Word for word, copy the listing below and leave out its images.
[Opening Records for the exercise section]
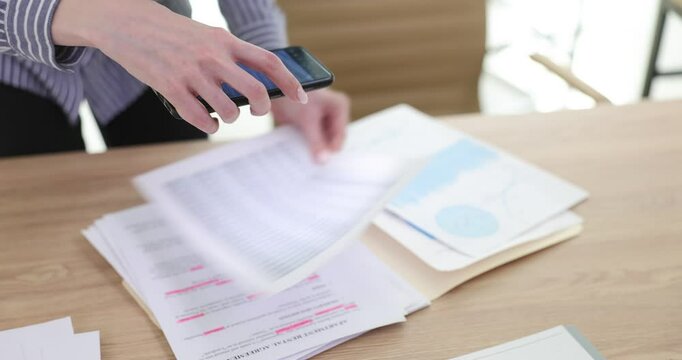 Marketing manager scanning business documents using phone at table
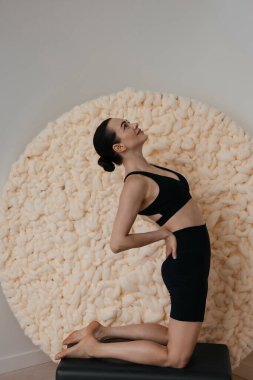 Kafkasyalı ince esmer kadın, duvarın arka planında büyük yün örülmüş kumaşla, rahat stüdyo içinde yoga asanas yapıyor.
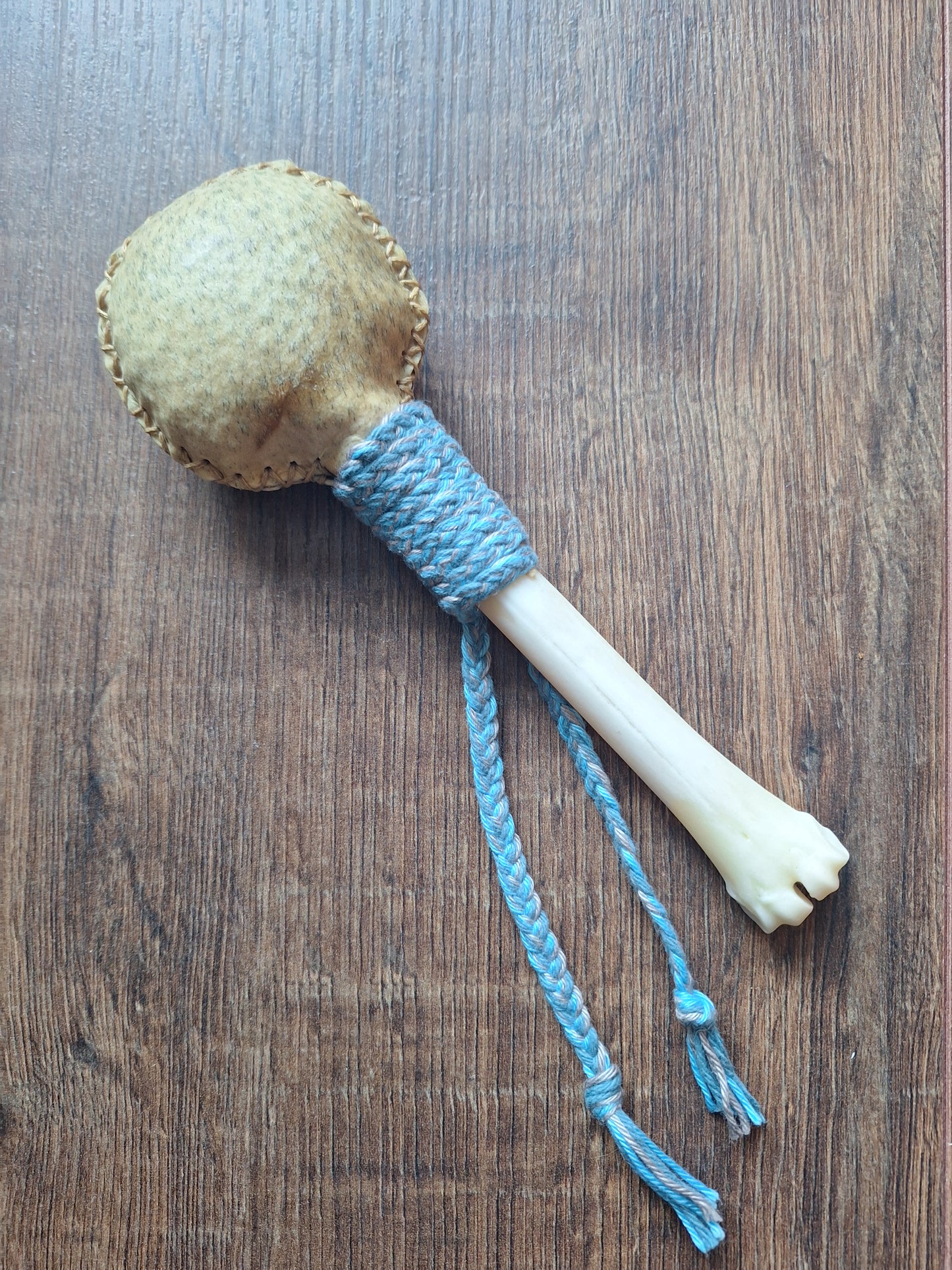 Wild boar hide and red deer leg bone rattle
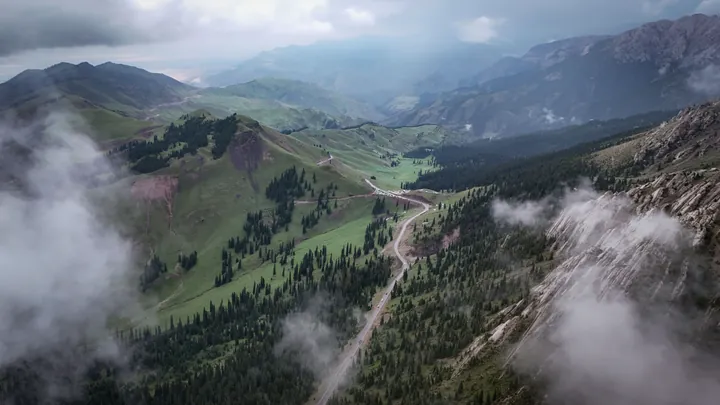 Green mountain valleys beneath low clouds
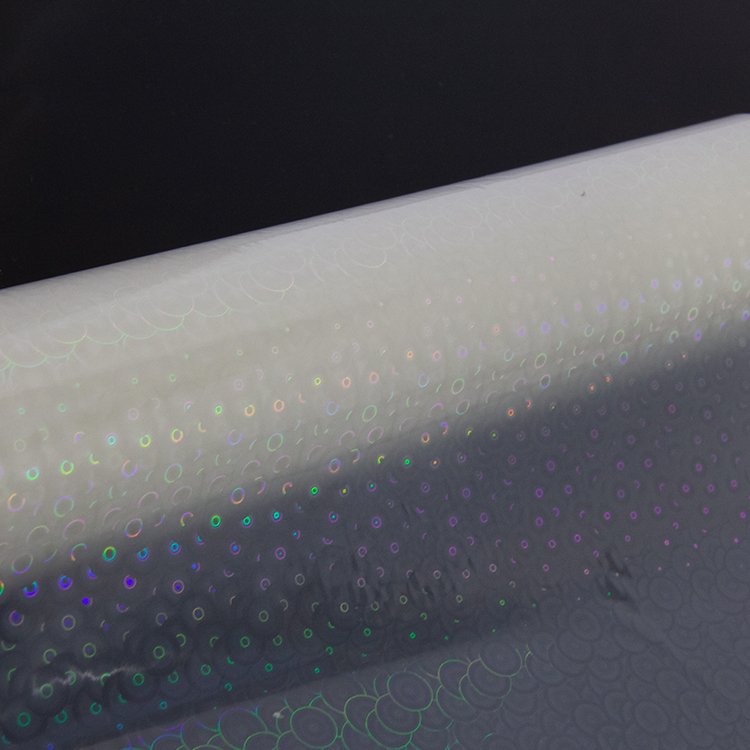 Cold laminating circle pattern self adhesive transparent holographic film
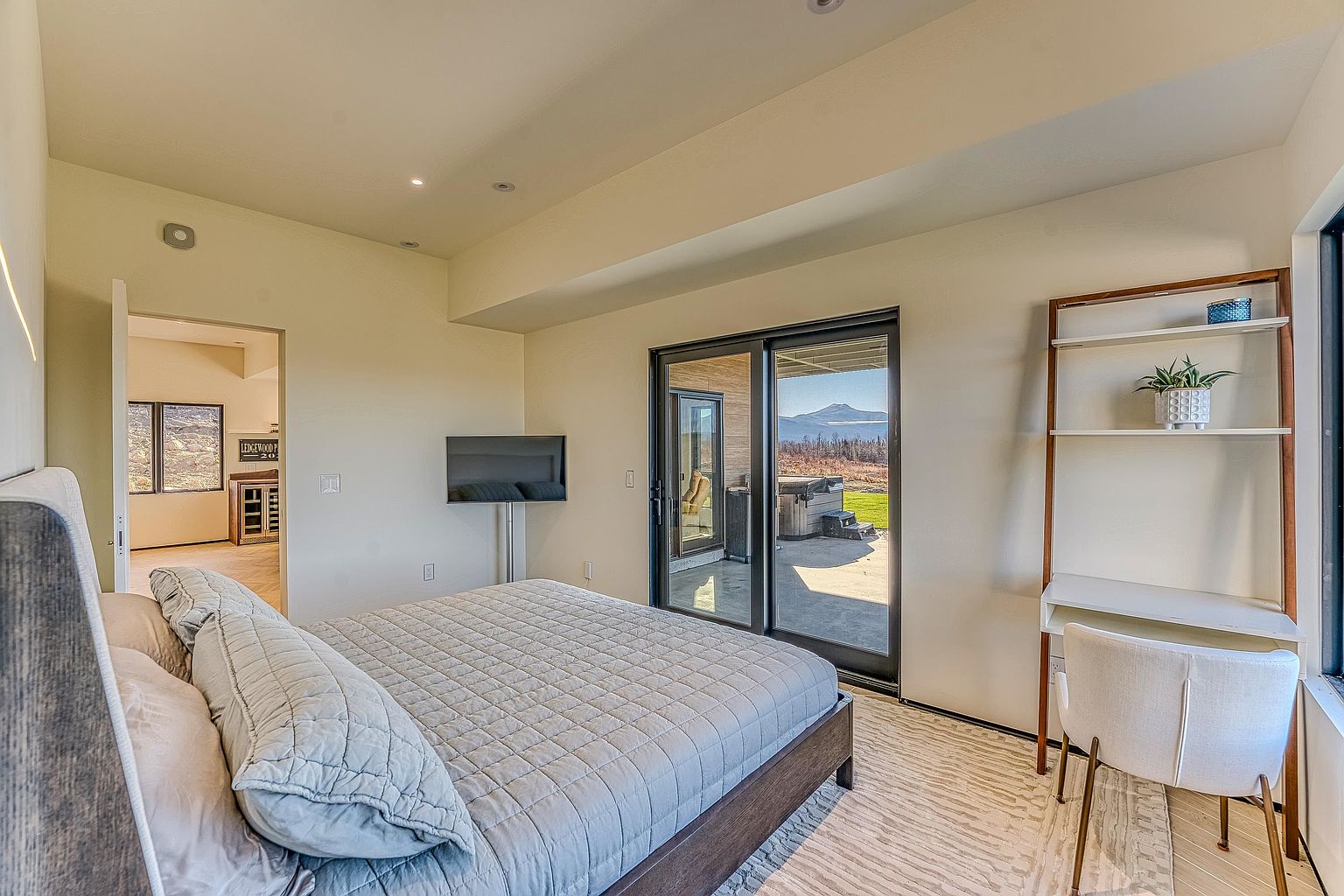 This modern primary bedroom features a neutral color palette, a plush quilted bed, and a sleek desk area with open shelving. Large sliding glass doors provide seamless indoor-outdoor flow to a patio with mountain views, while an adjacent doorway reveals a glimpse of a secondary room. The space is bright and airy, emphasizing a contemporary design with clean lines and functional living areas.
[Closing Records for the exercise section]
## Result of the task
 Marketing manager scanning business documents using phone at table
 Kafkasyalı ince esmer kadın, duvarın arka planında büyük yün örülmüş kumaşla, rahat stüdyo içinde yoga asanas yapıyor.
 Wild boar hide and red deer leg bone rattle
 Green mountain valleys beneath low clouds
 Cold laminating circle pattern self adhesive transparent holographic film
 This modern primary bedroom features a neutral color palette, a plush quilted bed, and a sleek desk area with open shelving. Large sliding glass doors provide seamless indoor-outdoor flow to a patio with mountain views, while an adjacent doorway reveals a glimpse of a secondary room. The space is bright and airy, emphasizing a contemporary design with clean lines and functional living areas.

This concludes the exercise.